Из 136 семей нескольких деревень Сенногубского мирского общества (Конда, Восточные Гарницы, Западные Гарницы и др.) в 1782 году большая часть семейных коллективов – 71 (53%) относилась к простым (родители – дети) и неполным (одинокие). Остальную часть составляли более сложные семьи 65 (47%): отцовские (родители — дети – внуки) и братские (женатые братья с женатыми или неженатыми детьми). Иногда последние объединяли двоюродных родственников. Достаточно часто источники упоминают в составе семей людей, связанных с ее членами не узами родства, а экономическим положением. В том случае, когда в семье не хватало рабочих рук, заонежские крестьяне XVIII века, подобно крестьянам более раннего периода принимали в хозяйство т. н. «подсоседников»: «…в подсоседники шел обедневший крестьянин, забросивший свой двор…Их статус определялся работой по найму у того хозяина, где он живет, или в другом месте…». [14] [текст с сайта музея-заповедника "Кижи": http://kizhi.karelia.ru]
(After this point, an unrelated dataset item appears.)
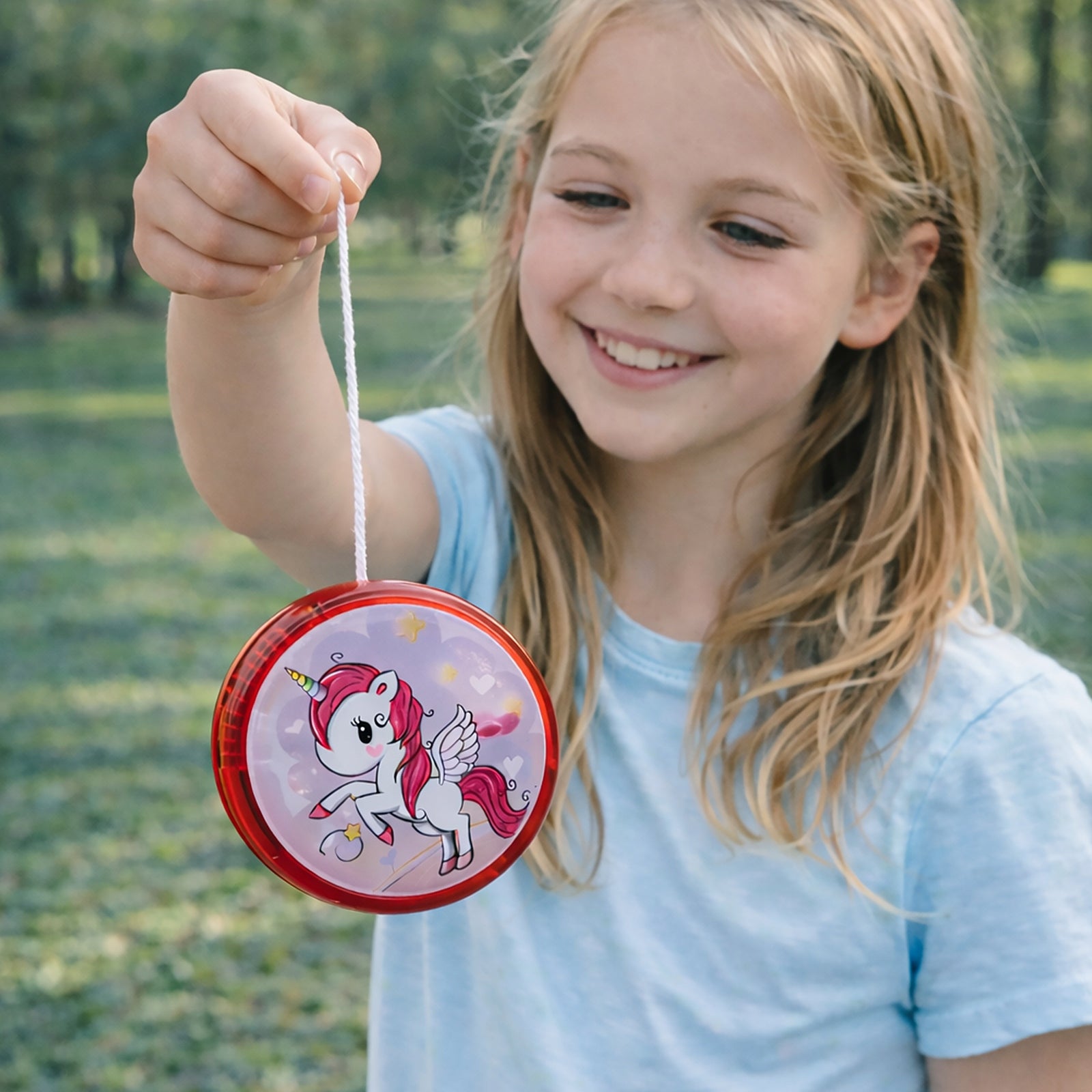 Jojo Glowing LED Theme Unicorn Pattern 2in1 Arcade Game YoYo Red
Из общего числа семейств большая часть были небольшими по составу: 126 семей состояли не более чем из 10 человек, а остальные имели от 11 до 15 членов. История данной группы семей была прослежена на основании структурных схем и охватывала практически 80 лет — от 1782 до 1858 годов. За это время из 136 первоначально зафиксированных семей в родовых деревнях осталось только 80. Судьбы остальных сложились по-разному. Многие исчезли, разрушились, а некоторые перебрались на новое место жительства – в другие волости или даже города, как правило, Петрозаводск или Петербург.
Согласно ревизии 1858 года, в Сенногубском мирском обществе было всего 219 семей, большинство из которых — 146 (72%) составляли сложные неразделенные семьи и только 28% приходилось на долю простых или неполных семей. Налицо процесс усложнения внутренней структуры семей по сравнению с предыдущим периодом. По сравнению с XVIII веком несколько изменился и численный состав крестьянской семьи. Хотя, по-прежнему, преобладали семейства до 10 человек – 106 (62%), увеличился процент более многолюдных семей, из которых 30 насчитывали до 15 членов, 9 достигали 16-20 человек, одна семья состояла из 25 домочадцев.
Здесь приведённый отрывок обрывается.